根据犯罪构成确定犯罪行为是一罪还是数罪,但存在许多根据犯罪形态从形式上看似乎是数罪,实际上并非数罪,而不使用数罪并罚原则的情况。在连续的犯罪行为中存在吸收问题,包括重行为吸收轻行为,实行行为吸收预备行为,主行为吸收从行为,吸收犯不能数罪并罚。在审判实践中,有的人认为在输油管线上钻孔窃油构成一罪,有的认为构成盗窃罪和破坏易燃易爆设备罪,应数罪并罚。这两种意见之所以均是错误的,因为均没有正确认识该犯罪行为的目的、犯罪行为的个数,没有正确认识该犯罪行为的阶段性和不确定性,没有适用吸收原则,在输油管线钻孔盗油与普通盗窃而危害公共安全的行为是不同的。
例如,一被告人出于贪图钱财而偷割电线杆上的电话线,目的是为了卖钱,这一行为同时构成盗窃罪和破坏公用电讯设施罪,但实际上并不是两个罪,在刑法理论上称为想象的数罪,即想象竞合犯,应择一重罪处罚。以一个故意或过失,实施一个犯罪行为,同时侵犯了数个客体,触犯了数个罪名的犯罪,称为想象竞合犯。据此,有人认为在输油管线钻孔盗油是想象竞合犯,构成一罪。但是,在输油管线上钻孔盗油与贪财割电线是不同的。在贪财割电线行为中,其目的就是割电线,只要割电线行为完成,其目的就已达到,犯罪已经构成,其目的和行为的比较单一;在输油管线上钻孔盗油却相反,仅完成钻孔行为,犯罪行为人能否得到管线中的油,还处于不确定状态,如想得到油还需继续进行下一步的盗窃行为。在输油管线上钻孔盗油,进行盗窃是其根本目的,进行在管线上钻孔是其手段目的。因此,在输油管线钻孔盗油可以说存在两个目的、两个可以完全分离的犯罪阶段,与单纯的想象竞合犯是不同的,不能根据想象竞合犯把在输油管线钻孔盗油简单定性为一罪。另如,行为人以盗油为目的,在输油管线钻了孔,但没有进行盗油,其行为已经构成犯罪,因为盗油数量的不确定性,无法计算盗窃数额,我们不能定为盗窃未遂或中止,只能定破坏易燃易爆设备罪;如果在输油管线钻了孔,经过长时间以后,行为人又进行盗油,在先行为已经构成破坏罪的情况下,新行为又构成了盗窃罪,长时间完全相分离的两个行为、两个目的,如果再用吸收原理,择一重罪处罚是不合适的。
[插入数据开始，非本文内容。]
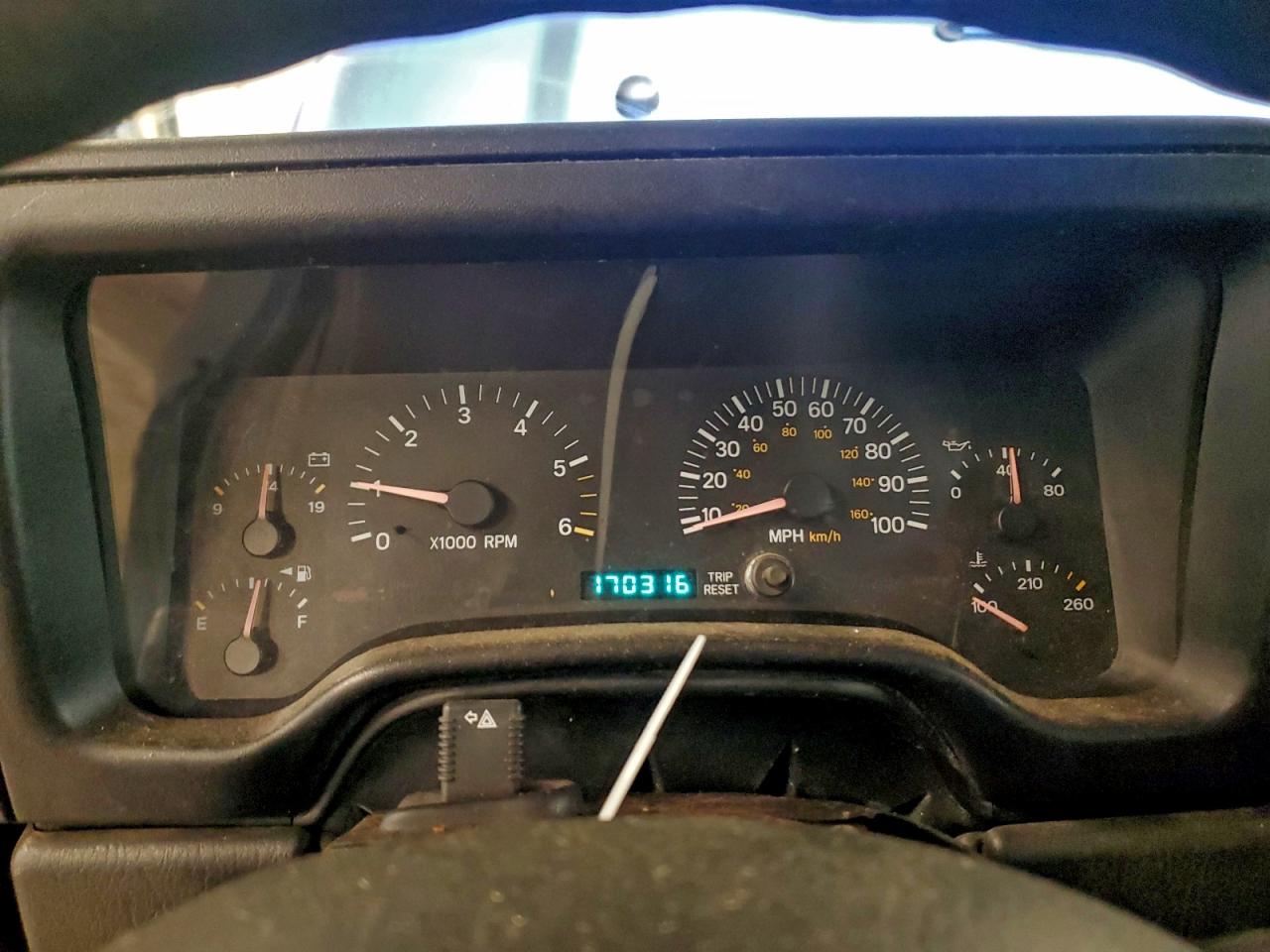 Jeep Wrangler Se Image 7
根据以上分析可以看出,对于在输油管线上钻孔盗油行为的定性存在许多认识误区,我们应根据具体案情进行定罪处罚,不能设立一个固定的模式,否则不适应在输油管线钻眼盗油犯罪行为的复杂性,也违背法律规定。
三、几种犯罪状态的不同定性选择
笔者认为,应根据在输油管线钻孔盗油行为的具体犯罪状态,选择适用以下罪名,分别定性处罚。
(一)选择一重罪处罚或适用数罪并罚原则
在输油管线上钻孔盗油,当仅完成钻孔行为而没有实施盗窃时,构成一罪;当钻孔完成后,又紧接着连续实施了盗油行为,根据不数罪并罚的规定,不能进行数罪并罚,应择一重罪定罪处罚。
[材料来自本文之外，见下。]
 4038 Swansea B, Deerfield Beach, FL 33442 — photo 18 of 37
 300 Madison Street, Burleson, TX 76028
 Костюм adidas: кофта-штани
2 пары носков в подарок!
行为人以盗油为目的,在输油管线上钻了孔,如果没有紧接着连续进行盗油,因为害怕、被人发现、盗窃工具不行等原因,离开现场,经过一段时间,再去实施盗窃,即数罪并罚。间断后又进行盗窃实行数罪并罚,使行为人得到较重的处罚,这样规定可以促使行为人在犯罪行为间断期间及时良心发现,能够有效预防在输油管线钻孔完成后盗窃犯罪的进一步实施。
(二)破坏易燃易爆设备罪
行为人在输油管线上钻孔盗油,当盗窃数额在特别巨大以下,或者没有盗窃数额,但发生了爆炸、火灾、原油大量泄漏等严重危害公共安全情况时,应根据刑法第一百一十九条第一款的规定以破坏易燃易爆设备罪定罪处罚,但不能以盗窃数额巨大而作为适用此条定罪处罚的充分必要条件;当盗窃数额特别巨大,同时发生爆炸、火灾、原油大量泄漏等严重危害公共安全情况时,如果以破坏易燃易爆设备罪定罪时比以盗窃罪处罚重时,则根据刑法第一百一十九条第一款的规定,以破坏易燃易爆设备罪定罪。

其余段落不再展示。